=== Task inputs ===
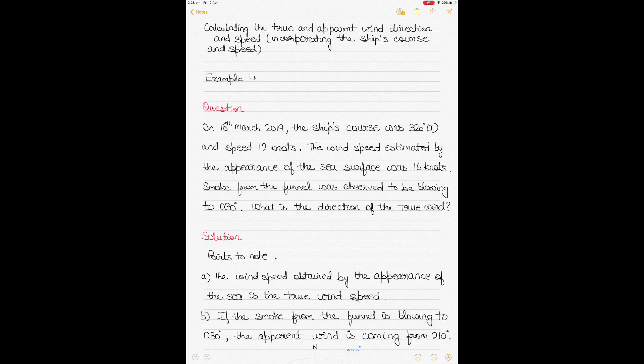I have previously made three videos on this topic and will give you the links to those videos. This is example 4 and the last in the series. All four examples discuss this topic with different kinds of questions, where different hints are given and you have to use those hints to find either the true or apparent wind direction and speed.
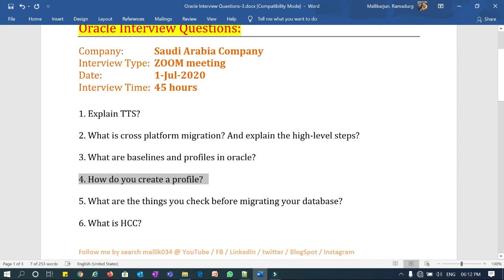Question five: what are the things you will check before you migrate your database? Consider the production database — before going ahead with production migration, do you follow the SDLC? Has development, test, and UAT environments been successfully migrated and all applications tested properly? On the DBA side, what are the prerequisite checks, OS requirements, and network requirements — what are all the preliminary checks you do before migrating your database?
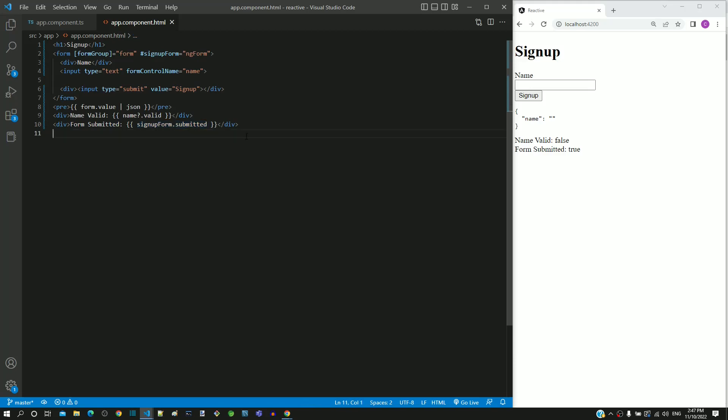Now the HTML template has all necessary data to implement validation, which we will be implementing in the next video. Let me summarize the list of changes to be done in the HTML template.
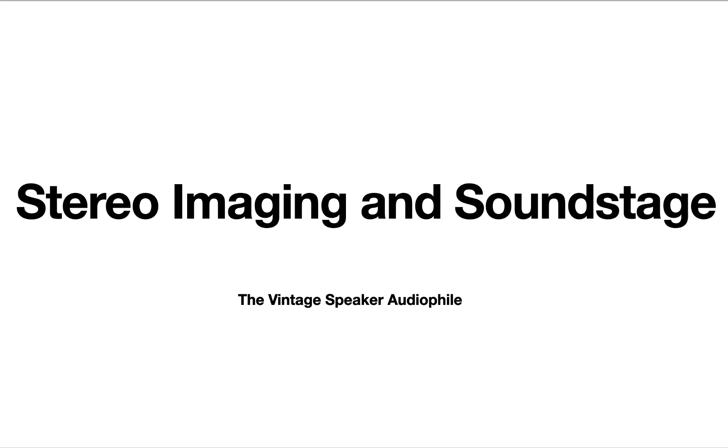Today I'd like to talk about stereo imaging and soundstage. Two of the characteristics of stereo music that separate audiophiles from the casual listener is imaging and soundstage.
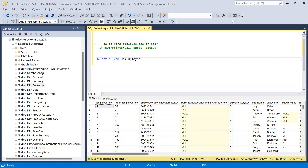Hi everyone, I'm Akila. In this video let us see how to find the employee's age in SQL, if we have the date of birth of the employee. I'm working with the AdventureWorks DW 2017 database. In this we have the DIM employee table where we have the birth date of the employee.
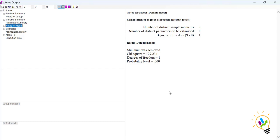When we discuss CFA, I'll explain more constraints and how to achieve model identification. For now, it is important to understand there are three types of model identification, and the model must always be either just identified or over identified — the model must never be unidentified.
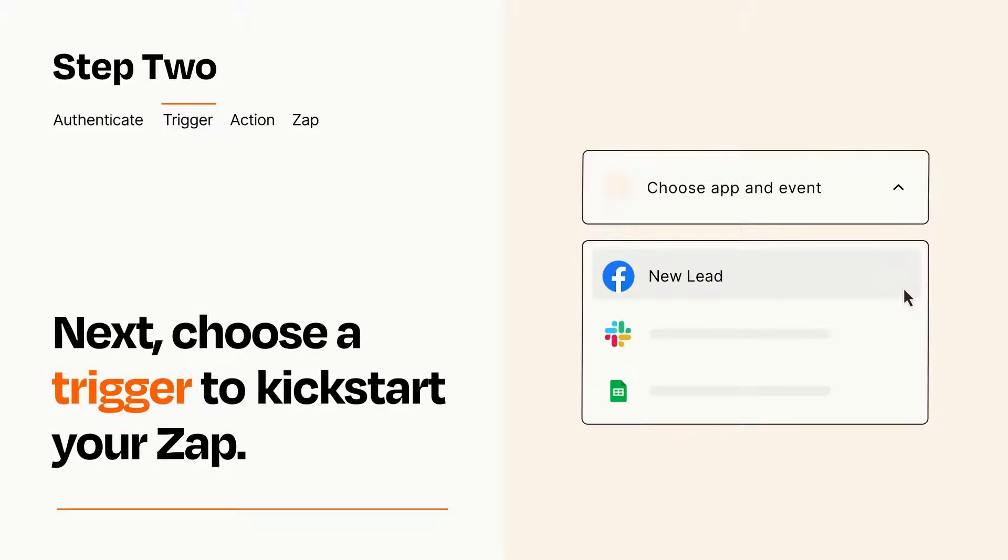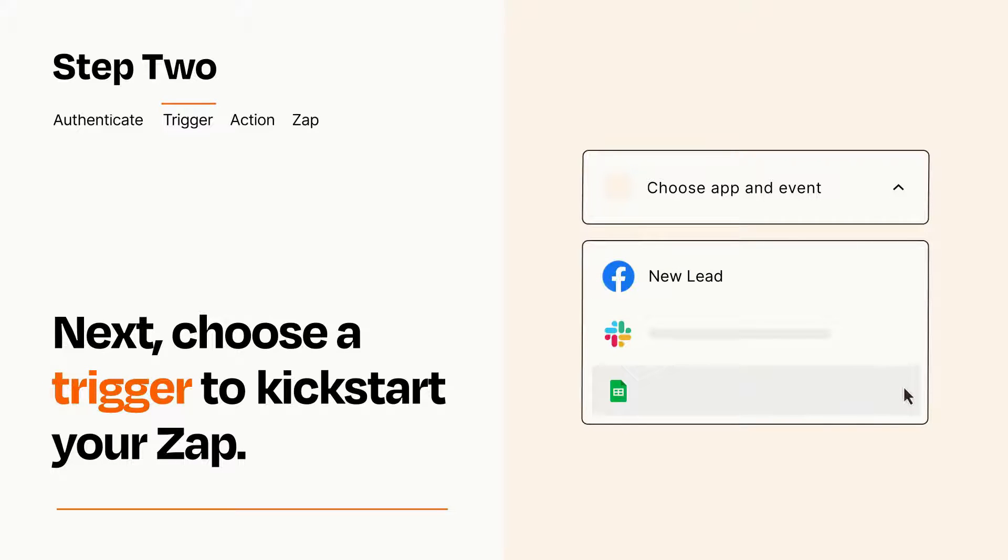Now let's set up your trigger, which is the event that starts your Zap. Pick the trigger event that you want from the list.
===
**Task objective:** In the copy, leave out all pictures, and retype exactly each line from the one with "Hi everyone, I'm" through the last line of the entries.

**Solution for this task:**
Hi everyone, I'm Akila. In this video let us see how to find the employee's age in SQL, if we have the date of birth of the employee. I'm working with the AdventureWorks DW 2017 database. In this we have the DIM employee table where we have the birth date of the employee.
When we discuss CFA, I'll explain more constraints and how to achieve model identification. For now, it is important to understand there are three types of model identification, and the model must always be either just identified or over identified — the model must never be unidentified.
Now let's set up your trigger, which is the event that starts your Zap. Pick the trigger event that you want from the list.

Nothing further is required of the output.